Implementation:OpenGVLab InternVL M4C Evaluator
| Knowledge Sources | |
|---|---|
| Domains | VQA Evaluation, Text Recognition, Benchmark Metrics |
| Last Updated | 2026-02-07 14:00 GMT |
Overview
Evaluation metric implementations for TextVQA, STVQA, and TextCaps benchmarks, providing answer normalization, soft accuracy scoring, ANLS (Average Normalized Levenshtein Similarity), and BLEU-4 evaluation, ported from Facebook's MMF framework.
Description
This module provides the evaluation infrastructure for text-centric visual question answering and captioning benchmarks:
EvalAIAnswerProcessor: The core answer normalization pipeline that processes predicted and ground-truth answers through: word tokenization (lowercasing, comma/question mark removal), punctuation processing (context-aware removal or spacing of 20+ punctuation characters), digit-article processing (number word to digit conversion, article removal), and contraction expansion (mapping 130+ contractions to their full forms).

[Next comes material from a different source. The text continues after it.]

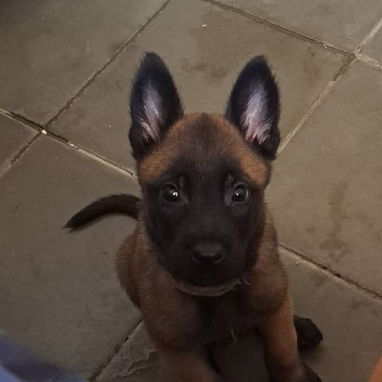 ((( PASTOR BELGA MALINOIS AMBOS SEXOS BETTY MASCOTAS WHATSAPP 52506841 ))) - Img 124198416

TextVQAAccuracyEvaluator: Computes soft accuracy using the standard VQA evaluation protocol where each answer is scored against 10 human reference answers. For each unique answer, the accuracy is min(1, matching_count / 3), following the standard "at least 3 annotators agree" convention.
STVQAAccuracyEvaluator: Computes exact match accuracy where a predicted answer scores 1.0 if it matches any ground-truth answer after normalization.
STVQAANLSEvaluator: Computes the Average Normalized Levenshtein Similarity (ANLS) metric using edit distance, with a threshold of 0.5 (answers below this similarity are scored as 0.0).
TextCapsBleu4Evaluator: Computes BLEU-4 score for caption evaluation using the pycocoevalcap toolkit with PTBTokenizer preprocessing.
Usage
Use these evaluators in the LLaVA evaluation pipeline to compute standard benchmark metrics. Each evaluator's eval_pred_list method accepts a list of prediction dictionaries with "pred_answer" and "gt_answers" keys and returns an aggregate score.
Code Reference
Source Location
- Repository: OpenGVLab_InternVL
- File: internvl_chat_llava/llava/eval/m4c_evaluator.py
- Lines: 1-334
Signature
class EvalAIAnswerProcessor:
def __call__(self, item: str) -> str: ...
def word_tokenize(self, word: str) -> str: ...
def process_punctuation(self, in_text: str) -> str: ...
def process_digit_article(self, in_text: str) -> str: ...
class TextVQAAccuracyEvaluator:
def eval_pred_list(self, pred_list: list) -> float: ...
class STVQAAccuracyEvaluator:
def eval_pred_list(self, pred_list: list) -> float: ...
class STVQAANLSEvaluator:
def get_anls(self, s1: str, s2: str) -> float: ...
def eval_pred_list(self, pred_list: list) -> float: ...
class TextCapsBleu4Evaluator:
def eval_pred_list(self, pred_list: list) -> float: ...
Import
from llava.eval.m4c_evaluator import TextVQAAccuracyEvaluator, EvalAIAnswerProcessor
I/O Contract
Inputs
| Name | Type | Required | Description |
|---|---|---|---|
| pred_list | List[dict] | Yes | List of prediction dicts with "pred_answer" (str) and "gt_answers" (List[str]) keys |
| item | str | Yes | Raw answer string to normalize (for EvalAIAnswerProcessor) |
Outputs
| Name | Type | Description |
|---|---|---|
| accuracy | float | Aggregate accuracy/ANLS/BLEU-4 score from eval_pred_list |
| normalized_answer | str | Normalized answer string from EvalAIAnswerProcessor |
Usage Examples
Basic Usage
from llava.eval.m4c_evaluator import TextVQAAccuracyEvaluator
evaluator = TextVQAAccuracyEvaluator()
pred_list = [
{
"pred_answer": "a cat",
"gt_answers": ["cat", "a cat", "cat", "cats", "cat",
"a cat", "cat", "cat", "kitty", "cat"]
}
]
accuracy = evaluator.eval_pred_list(pred_list)
print(f"TextVQA Accuracy: {accuracy:.4f}")